Healthy Habits

Ask the Expert: Asthma Awareness Month


May is Asthma Awareness month, a public awareness initiative to educate others on the impact of asthma and allergies, as well as the importance of diagnosis, treatment, and management.

Asthma is a disease that affects your lungs. It causes repeated episodes of wheezing, breathlessness, chest tightness, and nighttime or early morning coughing. Asthma can be controlled by taking medicine and avoiding the triggers that can cause an attack. Where you live, work, learn, and play can all affect your asthma, but the right steps can help you breathe easier.

Why Does it Matter?

According to the U.S. Centers for Disease Control and Prevention (CDC), an estimated 24.7 million people have asthma, including 5.5 million children. Each year, asthma accounts for more than 439,000 hospitalizations, 1.7 million emergency department visits, and 13.8 million missed school days. Costs are high, and it can be scary seeing a loved one experience an asthma attack.

What Can I Do?

Work with your doctor to create an asthma action plan. Review the CDC’s action plan template to get started.

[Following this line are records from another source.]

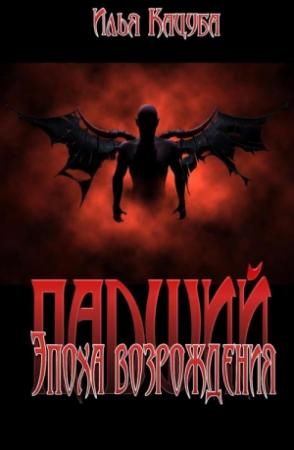 Обложка книги «Падший. Эпоха возрождения» — Илья Кацуба
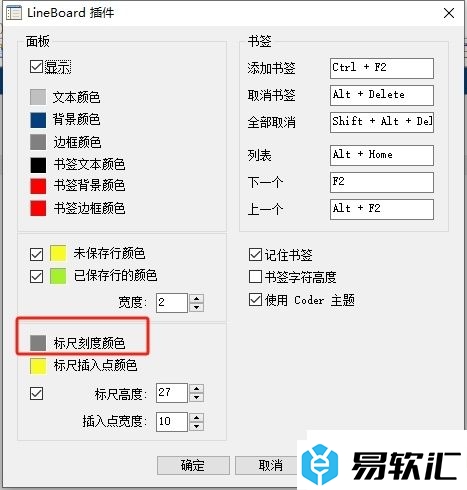 AkelPad行号栏修改刻度标尺颜色的教程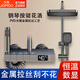 JOMOO official flagship 100% all-copper shower head set gun gray shower head household constant temperature supercharged gun gray piano four-speed temperature control version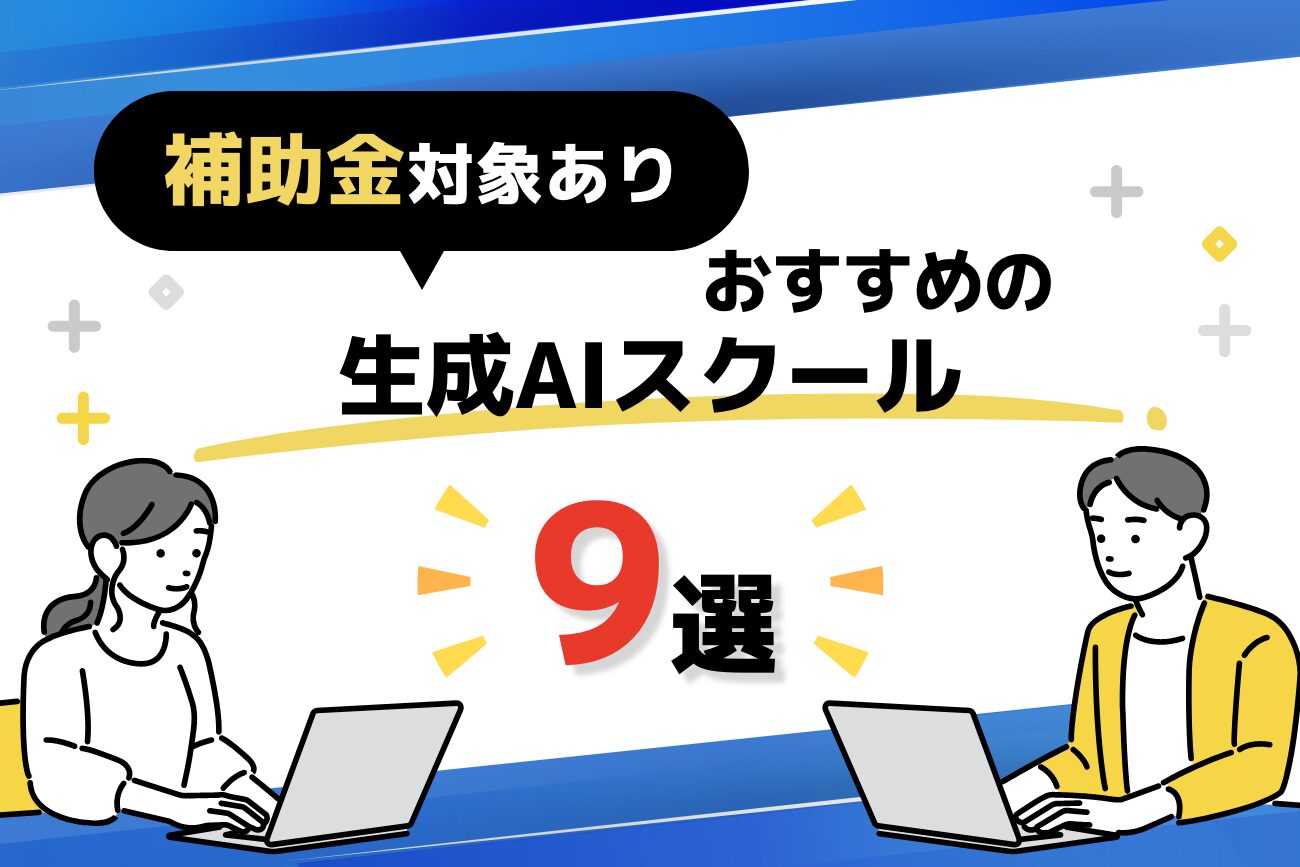 生成AIスクールおすすめ9選を徹底比較【補助金・無料講座あり】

Know what type of medication is best for you or your loved one. Asthma medications come in two types—quick-relief and long-term control. Quick-relief medicines control the symptoms of an asthma attack. If you find yourself using your quick-relief medicines more and more, visit your doctor to see if you need a different medicine. Long-term control medicines help you have fewer and milder attacks, but they don’t help you while you are having an asthma attack.

Know your asthma triggers. Triggers are things that make your asthma symptoms or attacks worse. Not everyone with asthma experiences the same triggers, so it is important to recognize what initiates your symptoms. Common triggers include:

  • Secondhand smoke: avoid places where people smoke.
  • Dust mites: keep humidity levels low in your home. Wash and dry your sheets regularly.
  • Mold: use an air conditioner or dehumidifier to keep the air dry in your home.
  • Air pollution: be aware of conditions that may trigger your asthma like weather, air quality, pollen count, or wildfires. Try to plan outdoor activities when air quality is the best.
  • Pets: keep pets out of your bedroom. Ask a family member to wash your pet regularly and use an air purifier.
  • Sprays, scents, or disinfectants: avoid perfume, paint, hairspray, and talcum powder. Try to stay away when cleaners or disinfectants are being used and right after their use.

Know how to properly use an inhaler. If a loved one has asthma, especially a child, it may be helpful to review these videos.

If your child has asthma, make sure their teachers or other caretakers know when and how to help during symptoms or attacks. Prepare your child by teaching them what to do.